Task statement » In the listing below, find each line with the string "Used" and report it.

Supplied records »
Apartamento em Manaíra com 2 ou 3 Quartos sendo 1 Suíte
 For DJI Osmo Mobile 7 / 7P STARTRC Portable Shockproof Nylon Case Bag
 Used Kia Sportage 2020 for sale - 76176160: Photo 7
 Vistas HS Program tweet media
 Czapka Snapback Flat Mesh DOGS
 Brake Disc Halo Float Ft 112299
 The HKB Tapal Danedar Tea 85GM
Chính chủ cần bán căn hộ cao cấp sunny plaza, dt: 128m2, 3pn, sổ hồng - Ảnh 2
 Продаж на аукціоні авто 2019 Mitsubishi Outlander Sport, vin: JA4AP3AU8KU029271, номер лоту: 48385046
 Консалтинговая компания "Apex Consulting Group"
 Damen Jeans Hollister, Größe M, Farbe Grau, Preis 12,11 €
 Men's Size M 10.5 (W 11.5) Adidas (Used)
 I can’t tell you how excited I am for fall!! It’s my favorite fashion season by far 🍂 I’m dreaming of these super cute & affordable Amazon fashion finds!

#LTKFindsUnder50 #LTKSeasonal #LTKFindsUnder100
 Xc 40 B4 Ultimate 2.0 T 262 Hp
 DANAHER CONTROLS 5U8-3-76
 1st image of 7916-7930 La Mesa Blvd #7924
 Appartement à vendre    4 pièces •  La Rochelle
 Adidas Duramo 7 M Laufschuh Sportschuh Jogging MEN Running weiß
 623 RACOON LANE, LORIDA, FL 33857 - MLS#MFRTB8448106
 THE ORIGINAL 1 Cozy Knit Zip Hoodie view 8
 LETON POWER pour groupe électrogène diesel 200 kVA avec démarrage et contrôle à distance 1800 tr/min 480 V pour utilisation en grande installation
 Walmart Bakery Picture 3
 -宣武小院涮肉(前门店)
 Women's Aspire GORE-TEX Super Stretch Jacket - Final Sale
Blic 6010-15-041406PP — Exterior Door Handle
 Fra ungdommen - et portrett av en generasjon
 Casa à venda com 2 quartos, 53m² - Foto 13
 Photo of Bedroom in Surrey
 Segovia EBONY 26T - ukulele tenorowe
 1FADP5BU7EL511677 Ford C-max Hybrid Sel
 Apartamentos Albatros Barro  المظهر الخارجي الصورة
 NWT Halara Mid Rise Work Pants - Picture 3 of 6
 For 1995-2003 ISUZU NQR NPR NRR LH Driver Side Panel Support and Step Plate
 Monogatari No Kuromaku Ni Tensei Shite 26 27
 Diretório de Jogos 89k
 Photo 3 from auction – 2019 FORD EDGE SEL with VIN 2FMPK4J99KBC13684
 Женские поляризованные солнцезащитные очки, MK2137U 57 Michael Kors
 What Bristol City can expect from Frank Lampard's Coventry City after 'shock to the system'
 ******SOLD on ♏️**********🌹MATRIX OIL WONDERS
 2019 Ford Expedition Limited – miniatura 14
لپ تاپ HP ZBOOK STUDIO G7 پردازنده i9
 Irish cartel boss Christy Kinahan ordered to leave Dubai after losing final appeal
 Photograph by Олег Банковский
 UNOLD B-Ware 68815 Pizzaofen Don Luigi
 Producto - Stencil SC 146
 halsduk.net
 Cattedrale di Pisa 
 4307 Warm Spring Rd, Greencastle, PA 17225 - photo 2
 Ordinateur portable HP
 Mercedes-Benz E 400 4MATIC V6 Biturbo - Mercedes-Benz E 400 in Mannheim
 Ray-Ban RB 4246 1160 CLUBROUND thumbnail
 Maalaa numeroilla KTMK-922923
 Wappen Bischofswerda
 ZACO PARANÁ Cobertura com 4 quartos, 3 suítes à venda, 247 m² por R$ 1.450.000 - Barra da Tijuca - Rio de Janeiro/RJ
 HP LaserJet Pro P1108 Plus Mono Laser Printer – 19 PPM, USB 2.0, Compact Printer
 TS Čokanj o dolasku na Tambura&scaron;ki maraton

Expected answer »
 Used Kia Sportage 2020 for sale - 76176160: Photo 7
 Men's Size M 10.5 (W 11.5) Adidas (Used)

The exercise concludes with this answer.